[Extracted records — start]
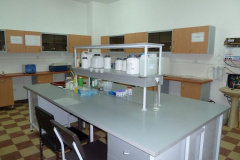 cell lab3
[Extracted records — finish]
[Extracted records — start]
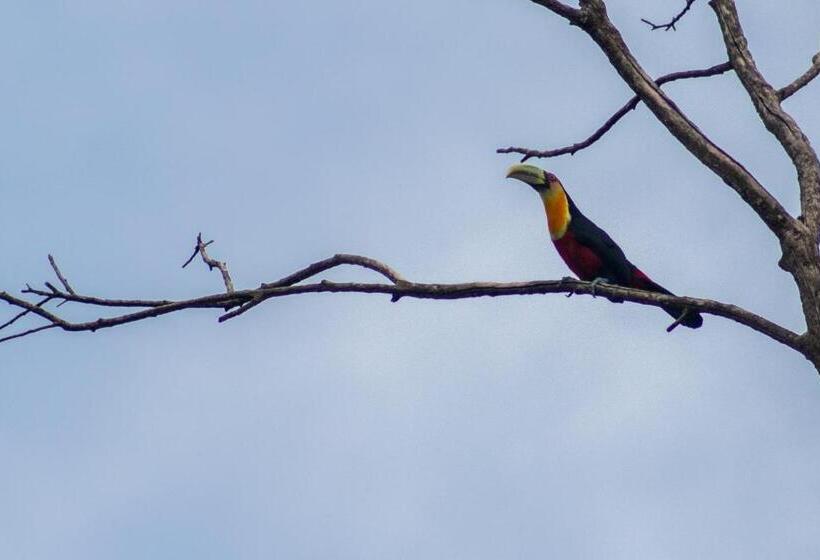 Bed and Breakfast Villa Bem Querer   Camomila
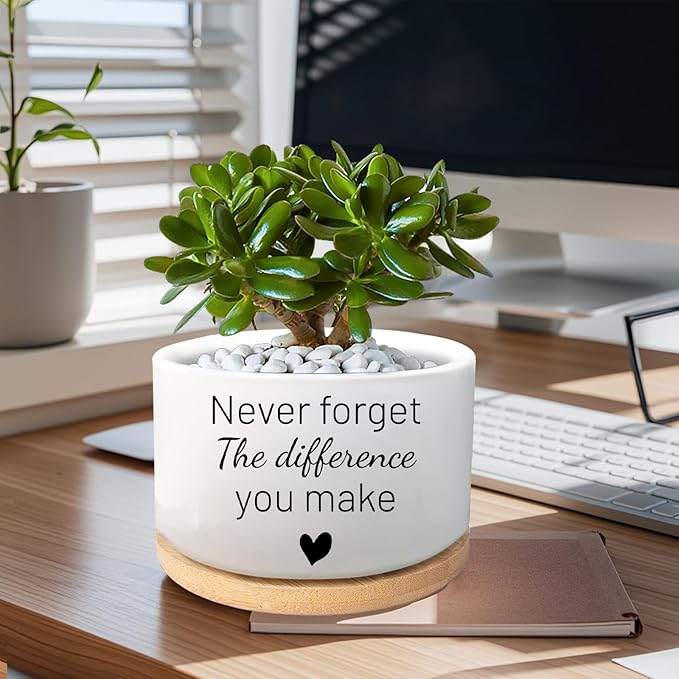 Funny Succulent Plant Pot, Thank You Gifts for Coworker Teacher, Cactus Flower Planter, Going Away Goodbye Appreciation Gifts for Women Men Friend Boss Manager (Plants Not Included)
[Extracted records — finish]
▸ Directions for this task
Look above for the line containing "Bed and Breakfast", then copy exactly from it through the line containing "Funny Succulent Plant", keeping both and leaving out pictures. Add nothing else.

▸ Output for this exercise
 Bed and Breakfast Villa Bem Querer   Camomila
 Funny Succulent Plant Pot, Thank You Gifts for Coworker Teacher, Cactus Flower Planter, Going Away Goodbye Appreciation Gifts for Women Men Friend Boss Manager (Plants Not Included)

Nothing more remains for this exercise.